Time to read: 4 min read

Introduction to Scylla DB

Introduction to Scylla DB

# What is Scylla DB?

Scylla is a realtime NoSQL database, written into C++ without changing the low level API of Apache Cassandra. So, it's an drop-in replacement for Apache Cassandra.

# Features

  • NoSQL Database
  • Open Source
  • Good Performance
  • Consistency
  • Availability
  • Scalability
  • Drop-in replacement for Apache Cassandra

# Architecture

Scylla is a database that scales out and up. Scylla adopted much of its distributed scale-out design from the Apache Cassandra project (which adopted distribution concepts from Amazon Dynamo and data modeling concepts from Google BigTable).

# Node

A node is the basic unit of organization for a Scylla database. It is comprised of the Scylla database server software running on a computer server.

# Cluster

A Scylla cluster is consist of multiple nodes or Scylla instances. As we already know Scylla has built in flavor of distributed database system, So, Scylla visualized the nodes on a hash ring where multiple ring is connected to the hash.

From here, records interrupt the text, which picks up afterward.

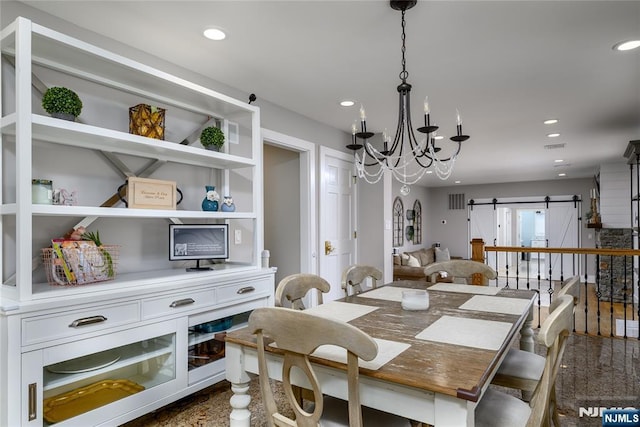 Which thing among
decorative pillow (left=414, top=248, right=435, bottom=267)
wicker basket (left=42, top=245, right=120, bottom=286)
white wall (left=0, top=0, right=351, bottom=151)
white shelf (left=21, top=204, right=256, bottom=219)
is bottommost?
decorative pillow (left=414, top=248, right=435, bottom=267)

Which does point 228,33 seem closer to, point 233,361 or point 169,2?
point 169,2

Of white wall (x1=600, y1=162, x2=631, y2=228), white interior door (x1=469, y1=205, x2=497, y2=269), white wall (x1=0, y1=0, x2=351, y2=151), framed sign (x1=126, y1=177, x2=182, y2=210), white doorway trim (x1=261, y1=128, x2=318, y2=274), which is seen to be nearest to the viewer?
white wall (x1=0, y1=0, x2=351, y2=151)

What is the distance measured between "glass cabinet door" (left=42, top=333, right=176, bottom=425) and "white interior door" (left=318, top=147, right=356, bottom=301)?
2.20 meters

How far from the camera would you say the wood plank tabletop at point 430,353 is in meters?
1.09

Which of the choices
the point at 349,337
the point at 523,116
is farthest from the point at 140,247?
the point at 523,116

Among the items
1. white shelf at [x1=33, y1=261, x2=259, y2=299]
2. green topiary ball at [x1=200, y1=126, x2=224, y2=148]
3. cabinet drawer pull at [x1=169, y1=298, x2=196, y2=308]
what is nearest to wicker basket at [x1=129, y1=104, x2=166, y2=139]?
green topiary ball at [x1=200, y1=126, x2=224, y2=148]

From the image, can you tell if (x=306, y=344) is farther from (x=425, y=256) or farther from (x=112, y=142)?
(x=425, y=256)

Image of ScyllaDB Hash Ring

# Keyspace

A Scylla keyspace is a collection of tables with attributes that define how data is replicated on nodes. In general a keyspace is just like database in RDBMS.

# Performance

According to Scylla's documentation, Scylla has much better performance than Cassandra. A full post based on performance. Here, Scylla vs Cassandra Performance Benchmark (opens new window) Scylla vs Cassandra

# Replication Factor

Scylla replicates data according to replication factor(RF). Basically number of RF is equal to the number of nodes in a cluster. But we can configure according to our need. For example, RF = 3 and number of nodes is 5. In this configuration scylla will write to two nodes per request out of three nodes.

RF=3 on nodes 5

# Consistency Level

The Consistency Level (CL) determines how many replicas in a cluster must acknowledge a read or write operation before it is considered successful.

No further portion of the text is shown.